Transport Talk column with Don MacKenzie

At its meeting last week, North Yorkshire County Council agreed its budget for 2017/18. Since 2011, like other county councils in England, the county will have experienced a reduction in spending power of £169 million by 2020, equivalent to a fall of 34 per cent.

Friday, 24th February 2017, 6:00 am
Updated Tuesday, 28th February 2017, 11:18 am
We are maintaining our winter gritting service at the current level of £6million per year.

The county’s share of council tax will increase by 1.99 per cent.

Additionally, there will be a two per cent precept to help pay for the rising costs of adult social care.

Savings have had to be made, and plans are in place to continue to reduce net spending over the next three years.

In the first place NYCC has always looked to back-office, non-front-line operations as priority areas for reductions, as well as taking steps to increase income.

The county council has statutory duties in relation to education and children’s services, and has responsibilities for adult social care.

As the number of residents aged over 65 increases both in absolute terms and as a percentage of the total population of North Yorkshire, so costs increase.

Adult social care now accounts for over 40 per cent of the county’s total budget.

Against this challenging backdrop, I am pleased to confirm that key parts of my own portfolio are being protected from further downward pressure.

We intend to maintain our support of bus subsidies in rural areas, where passenger numbers are too low to enable the bus operators to run a commercially viable service.

We invest £1.5m of taxpayers’ money in subsidised bus services each year.

This is on top of the £8m that NYCC pays out to bus companies for concessionary journeys made by bus pass holders, another area of protected investment.

We are very lucky in Harrogate to have some of the finest bus services anywhere in the UK, and they pay for themselves.

On the other hand, there are villages very close to our towns which would have no bus service at all without the help given by NYCC, and it is vital we protect that support.

We are maintaining our winter gritting service at the current level of £6m per year, which is one of the highest anywhere, and which allows us to treat the greatest proportion of our key highways network of any authority in the country.

Highways maintenance and repairs continue to be of the highest priority.

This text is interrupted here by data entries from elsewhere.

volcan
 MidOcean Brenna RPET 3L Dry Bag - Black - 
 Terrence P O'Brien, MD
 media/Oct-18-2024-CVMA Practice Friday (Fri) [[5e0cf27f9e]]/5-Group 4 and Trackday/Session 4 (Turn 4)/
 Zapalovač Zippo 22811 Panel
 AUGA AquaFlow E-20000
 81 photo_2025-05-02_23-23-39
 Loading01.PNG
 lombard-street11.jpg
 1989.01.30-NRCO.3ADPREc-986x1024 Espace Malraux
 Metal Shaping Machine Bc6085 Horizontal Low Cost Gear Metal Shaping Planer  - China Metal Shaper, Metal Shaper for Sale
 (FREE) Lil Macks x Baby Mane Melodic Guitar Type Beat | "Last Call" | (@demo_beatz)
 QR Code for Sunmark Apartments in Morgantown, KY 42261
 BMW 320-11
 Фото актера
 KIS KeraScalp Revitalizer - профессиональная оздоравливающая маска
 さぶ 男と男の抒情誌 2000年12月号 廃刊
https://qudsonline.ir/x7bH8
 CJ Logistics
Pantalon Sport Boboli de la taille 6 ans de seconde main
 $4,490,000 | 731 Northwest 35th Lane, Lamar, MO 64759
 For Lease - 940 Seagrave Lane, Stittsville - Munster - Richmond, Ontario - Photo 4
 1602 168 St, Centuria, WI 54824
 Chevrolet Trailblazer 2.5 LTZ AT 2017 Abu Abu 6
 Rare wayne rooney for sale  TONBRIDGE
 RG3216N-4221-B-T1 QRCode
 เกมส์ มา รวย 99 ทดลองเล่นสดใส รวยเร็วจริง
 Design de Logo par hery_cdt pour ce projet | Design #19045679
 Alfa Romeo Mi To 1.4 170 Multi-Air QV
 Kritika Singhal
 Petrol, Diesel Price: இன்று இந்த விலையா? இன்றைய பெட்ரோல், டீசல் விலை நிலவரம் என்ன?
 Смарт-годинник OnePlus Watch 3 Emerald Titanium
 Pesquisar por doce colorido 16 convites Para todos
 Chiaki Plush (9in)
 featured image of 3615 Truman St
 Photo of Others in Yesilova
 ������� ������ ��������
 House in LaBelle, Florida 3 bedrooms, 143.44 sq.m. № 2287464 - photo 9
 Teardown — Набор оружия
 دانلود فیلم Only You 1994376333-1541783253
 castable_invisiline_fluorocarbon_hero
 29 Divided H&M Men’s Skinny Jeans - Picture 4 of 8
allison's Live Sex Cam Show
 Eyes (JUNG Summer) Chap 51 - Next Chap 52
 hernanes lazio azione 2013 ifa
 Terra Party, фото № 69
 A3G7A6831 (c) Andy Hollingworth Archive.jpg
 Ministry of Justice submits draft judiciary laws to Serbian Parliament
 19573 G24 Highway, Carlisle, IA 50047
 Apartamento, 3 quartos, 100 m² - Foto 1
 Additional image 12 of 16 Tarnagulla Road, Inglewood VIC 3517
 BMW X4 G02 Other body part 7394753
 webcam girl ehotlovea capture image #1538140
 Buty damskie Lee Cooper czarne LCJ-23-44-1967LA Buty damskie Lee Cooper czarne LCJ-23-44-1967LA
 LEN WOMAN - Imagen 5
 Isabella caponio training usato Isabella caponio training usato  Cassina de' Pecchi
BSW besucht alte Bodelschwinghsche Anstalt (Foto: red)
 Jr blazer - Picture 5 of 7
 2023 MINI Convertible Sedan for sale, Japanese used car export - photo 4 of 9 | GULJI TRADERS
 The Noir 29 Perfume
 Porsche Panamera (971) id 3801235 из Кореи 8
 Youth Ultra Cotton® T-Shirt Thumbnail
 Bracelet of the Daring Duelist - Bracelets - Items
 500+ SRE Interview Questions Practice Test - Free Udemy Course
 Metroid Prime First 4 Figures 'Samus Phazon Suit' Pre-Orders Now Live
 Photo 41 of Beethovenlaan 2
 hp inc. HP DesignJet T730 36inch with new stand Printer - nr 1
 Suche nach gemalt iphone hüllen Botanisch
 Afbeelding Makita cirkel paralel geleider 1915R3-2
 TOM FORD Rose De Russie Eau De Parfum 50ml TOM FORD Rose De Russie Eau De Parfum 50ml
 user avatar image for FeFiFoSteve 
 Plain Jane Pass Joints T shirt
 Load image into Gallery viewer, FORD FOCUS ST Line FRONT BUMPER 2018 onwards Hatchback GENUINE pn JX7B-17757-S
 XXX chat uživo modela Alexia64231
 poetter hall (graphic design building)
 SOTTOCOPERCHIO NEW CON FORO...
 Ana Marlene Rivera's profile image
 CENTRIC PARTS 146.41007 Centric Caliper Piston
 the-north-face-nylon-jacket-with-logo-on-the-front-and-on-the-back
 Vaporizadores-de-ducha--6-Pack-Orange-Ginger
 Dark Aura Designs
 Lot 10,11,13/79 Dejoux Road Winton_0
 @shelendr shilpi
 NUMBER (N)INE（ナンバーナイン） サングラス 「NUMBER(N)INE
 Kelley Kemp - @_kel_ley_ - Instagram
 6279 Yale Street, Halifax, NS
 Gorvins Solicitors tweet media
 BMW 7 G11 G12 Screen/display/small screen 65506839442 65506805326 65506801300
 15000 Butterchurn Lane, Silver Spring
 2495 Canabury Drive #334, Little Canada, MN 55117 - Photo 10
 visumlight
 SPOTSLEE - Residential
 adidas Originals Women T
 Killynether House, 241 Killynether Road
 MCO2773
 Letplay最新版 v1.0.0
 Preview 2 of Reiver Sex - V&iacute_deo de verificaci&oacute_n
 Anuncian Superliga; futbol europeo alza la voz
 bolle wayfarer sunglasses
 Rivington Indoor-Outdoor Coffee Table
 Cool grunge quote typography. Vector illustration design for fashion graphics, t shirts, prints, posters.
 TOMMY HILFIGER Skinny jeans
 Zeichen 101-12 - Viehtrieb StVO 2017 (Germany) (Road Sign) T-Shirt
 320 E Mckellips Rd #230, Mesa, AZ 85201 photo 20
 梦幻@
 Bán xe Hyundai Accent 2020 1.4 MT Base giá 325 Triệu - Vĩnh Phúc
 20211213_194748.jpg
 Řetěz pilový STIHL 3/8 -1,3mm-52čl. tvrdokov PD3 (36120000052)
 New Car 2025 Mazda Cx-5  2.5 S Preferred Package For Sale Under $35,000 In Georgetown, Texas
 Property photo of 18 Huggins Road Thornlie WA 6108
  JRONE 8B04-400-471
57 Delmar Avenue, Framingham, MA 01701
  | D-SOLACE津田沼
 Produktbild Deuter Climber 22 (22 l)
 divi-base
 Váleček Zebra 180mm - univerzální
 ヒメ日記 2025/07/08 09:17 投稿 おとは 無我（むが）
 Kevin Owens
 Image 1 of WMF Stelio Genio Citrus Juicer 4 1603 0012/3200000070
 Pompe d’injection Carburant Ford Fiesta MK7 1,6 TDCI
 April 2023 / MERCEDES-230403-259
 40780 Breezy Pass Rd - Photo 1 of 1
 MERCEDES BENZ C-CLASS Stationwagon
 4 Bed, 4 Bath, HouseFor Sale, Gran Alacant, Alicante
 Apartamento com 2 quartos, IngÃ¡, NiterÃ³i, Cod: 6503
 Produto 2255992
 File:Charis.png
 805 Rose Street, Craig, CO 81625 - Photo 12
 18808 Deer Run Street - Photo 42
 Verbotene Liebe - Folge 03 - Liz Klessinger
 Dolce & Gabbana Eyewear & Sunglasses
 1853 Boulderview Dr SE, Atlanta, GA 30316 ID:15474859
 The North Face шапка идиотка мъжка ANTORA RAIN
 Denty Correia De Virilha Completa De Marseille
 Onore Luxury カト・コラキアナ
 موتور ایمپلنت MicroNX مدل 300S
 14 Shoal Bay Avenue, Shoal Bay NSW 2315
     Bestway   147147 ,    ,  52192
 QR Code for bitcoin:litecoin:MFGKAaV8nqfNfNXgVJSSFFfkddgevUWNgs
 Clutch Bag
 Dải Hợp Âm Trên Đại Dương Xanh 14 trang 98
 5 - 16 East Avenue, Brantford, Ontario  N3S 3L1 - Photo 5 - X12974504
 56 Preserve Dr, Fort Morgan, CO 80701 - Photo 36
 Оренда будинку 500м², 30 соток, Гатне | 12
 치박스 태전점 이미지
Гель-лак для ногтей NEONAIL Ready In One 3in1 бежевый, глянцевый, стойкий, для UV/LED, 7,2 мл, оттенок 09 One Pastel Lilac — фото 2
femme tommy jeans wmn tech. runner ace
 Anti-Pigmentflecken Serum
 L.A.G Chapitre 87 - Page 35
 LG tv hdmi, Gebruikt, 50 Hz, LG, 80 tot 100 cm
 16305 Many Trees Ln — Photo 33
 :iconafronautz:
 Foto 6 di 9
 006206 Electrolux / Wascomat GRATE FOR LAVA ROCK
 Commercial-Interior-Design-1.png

Central government confirmed our capital allocation for maintenance at £26.6m for 2017/18, in addition to further contributions from the Pothole Action Fund of £2.4m, and £5.1m from the National Productivity Investment Fund.

All these sums are on top of previously confirmed spending commitments totalling £44m during the years 2014-2021.

Improvements in sustainable transport, especially cycling, will also be targeted, boosted by the successful bid by NYCC for just under £1m from the Government’s Access Fund.

This will be increased to £1.1m by a contribution from the county, and will be spent on schemes to encourage the use of sustainable transport in Harrogate, Scarborough and Skipton.

The county will continue to increase funding of bids for highways improvement schemes, including those for the A59.

A proposal to bid for funding of a diversion of that key trans-Pennine route at Kex Gill is at an advanced stage, whilst work continues to study the viability of, and options for, a Harrogate Relief Road in order to address widespread concern on the part of residents about congestion on our existing town centre roads, and about the resultant air quality problems at certain busy junctions.

Broadband and mobile telephony remain key targets for investment by NYCC.

The county, through its broadband company SFNY, will shortly confirm the award of a contract worth up to £30m in the latest phase of expansion of superfast (>24Mbps) broadband throughout North Yorkshire.